Dear Internet,
It is
now day four of "Revelations: Persona." Has it overstayed its welcome? Not yet, but it runs a fine line
constantly. It has both feet on the line
right now, but it teeters constantly between being either boring or
frustrating. On one hand is the threat
of being boring because the minor enemies can be easy to the point where the
player just needs to spam the strongest attacks to wipe out the opposition. The only time when the minor enemies are not
being monster fodder is when the player first comes across a new one. After beating an enemy, the player gains the
ability to see the complete stats for that monster, with strengths and
weaknesses being shown. After that, the
player can look up the info instantly before issuing orders. While this is a nice mechanic that I am
grateful for, the problem is that when it comes to the smaller enemies, they
are not all that enjoyable to beat. I am
on pins and needles when fighting them the first time, never using a very
strong technique for fear of it being reflected back on me. After that, it is less about trying to work a
system than it is to responding to prompts.
If the monster has a weakness to fire, you use fire if you can. If you have no fire option, you just go back
to hitting the wall with your head. Both
options are viable.
The
opposite side is the frustrating aspect.
I have already mentioned how every time an enemy appears, one has to
slow down the game to a crawl to prevent using the wrong attack on an unknown
enemy. This I do not mind too much since
using caution is a staple of this kind of game.
What makes the game frustrating are the bosses and how they are handled. The player will typically faces against a
dungeon boss having played twenty minutes plus since the last save. Unlike games that are smart enough to put
save spots right before the dungeon boss, "Persona" chooses to make
the player slog through a maze and then face a boss with the consequence of losing
being the loss of a substantial loss of time.
I have already detailed my exploits with RoboRat. Today, the game decided to do a double screw
to the player. The first came with the
worst dungeon so far, being the Harem Queen dungeon. It is a headache of immense proportions. The dungeon is filled with mandatory pitfalls
that drop the player down the floor beneath.
There is also an elevator that the player has to use to make matters
more difficult. It probably would have
taken me two to three hours to navigate the maze if I had not consulted a
guide, but I will get to that in a minute.

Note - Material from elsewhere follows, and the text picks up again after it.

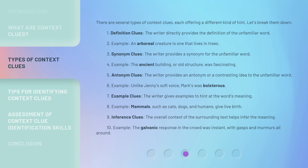4. Example Clues: The writer gives examples to hint at the word's meaning. Example: Mammals, such as cats, dogs, and humans, give live birth. 5. Inference Clues: The overall context of the surrounding text helps infer the meaning. Example: The galvanic response in the crowd was instant, with gasps and murmurs all around.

Once you finally get to the bottom of the maze, the game throws you back
to the top and makes you do it again. I
guess the second time is supposed to be easier or something, but it only adds
useless filler to the game. When you get
to the dungeon boss a second time, you have to then fight it with only two of
your five members. All your best laid
plans are then thrown out the door because of this. Luckily, I was able to switch up my main
attacker as the healer and the healer as the main attacker. Otherwise, that would have been another
twenty minutes down the drain. After
that, the game decides to not throw you out to the start of the dungeon like
nearly every other dungeon, but that is only a minor annoyance.

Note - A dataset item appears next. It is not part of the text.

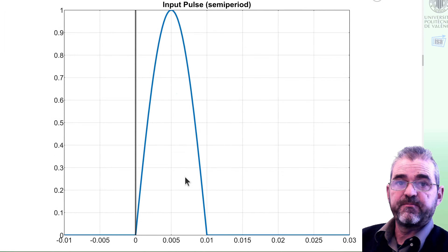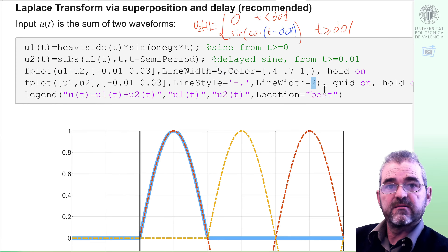We will carry out the Laplace transform in two ways. Let's start with the recommended one, which is via the concept of delay, superposition, and linearity of the Laplace transform. We will show that the input is the superposition of two waveforms: a first waveform u1, which is the sinusoidal from time 0 onwards, and a second signal u2, which is the same sinusoidal but delayed a half period. We write u2 in the symbolic toolbox by replacing t by t minus semiperiod. We will plot the sum of u1 plus u2 in a thick line, and u1 and u2 independently in a thinner line.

This is what happens when the correct action just makes more handicaps for the player. |
The
next big annoyance is then made from forcing the player to travel to a
location, only to learn that they must backtrack across town and through a
dungeon. When the player gets the plot
item, they must then retrace their steps to the first location, but that is for
tomorrow. This pretty much sums up a lot
about "Persona." The game has
a lot of backtracking that only adds filler to a game that should not take so
long to play. On top of that is the bare
bones information that is given to the player.
You should never take a day break while playing this game because you
will most likely forget what you were doing.

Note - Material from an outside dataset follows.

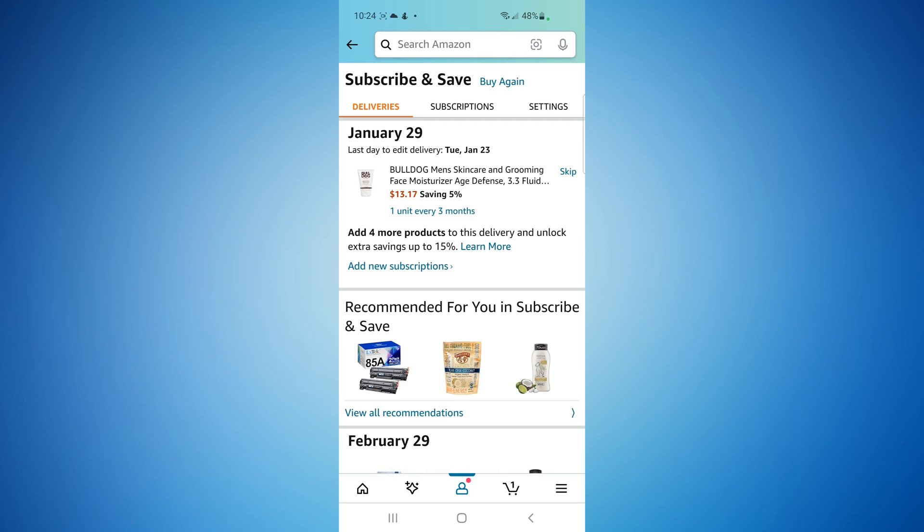Once that opens up, it'll show all the items that are on routine delivery. I have this facial moisturizer that's delivered once every three months, but I no longer need it.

You will have next to no help in being reminded about where you should
be going. It is because of games like
this that later games started to utilize "synopsis" items in the menu
to remind the player what they should be doing.
Giving only a single line about the next objective does not encourage
the player to pay attention if the rest of the dialog is drivel filled teenage
drama. I am looking straight at the
Harem Queen side-plot when I say this. What
makes it extra annoying is how these side-plots seem to be shoveled in like
they were implanted at the last second.
A character is introduced in a split second and then a dungeon or
side-pot is introduced to capitalize upon it despite it being a clear deviation
away from the central plot. Did the
Harem Queen have anything to do with Guido, the currently primary
antagonist? No, it was a three hour
detour to showcase a monkey-paw plot about the girl in the black dress.
All
this add up to the fine line I was mentioning before. I also mentioned about a guide, and I should
address this before getting much farther.
This game requires a guide. There
is no way around this fact. Unless you
are reading a guide to determine the best course of action, you will spend
hours painlessly going in circles. This
game came out in a time where games had to maximize the amount of time that a
player could pour into the game. It was
not uncommon for games to take a hundred hours or more to get through. The problem with those hundred or more hours
was that most of that time was useless empty of content and made up of grinding
and getting lost. Unless the game is
constantly throwing interesting content at the player, it is just the same
thing over and over ad nauseam. "Persona"
is a game that I might have taken twice as long to get through to get at this
point. This is not even mentioning the
instances that I know about where the player can give the wrong answer to a
question and lock themselves into a bad end.
If the player does not have a guide to let them know this, they can get
caught only having a save from after they make this game ending decision. When they realize that they have no
pre-decision save, they will be forced to start the whole game over. If that is not artificial lengthening, I do
not know what it. This is not a game
that encourages another play through to see the other possibilities. This is a game that can force a forty plus
replay because the player made a wrong decision, which is understandable
considering nearly every decision made prior has had no real consequences and
is usually badly translated.
An example of the translation job. |
I will
stop there for today, Internet. We shall
see how tomorrow is. And it looks like I
have officially passed the 1000 view now.
I guess that is worth a celebration.
Time to break open the good bottle of water.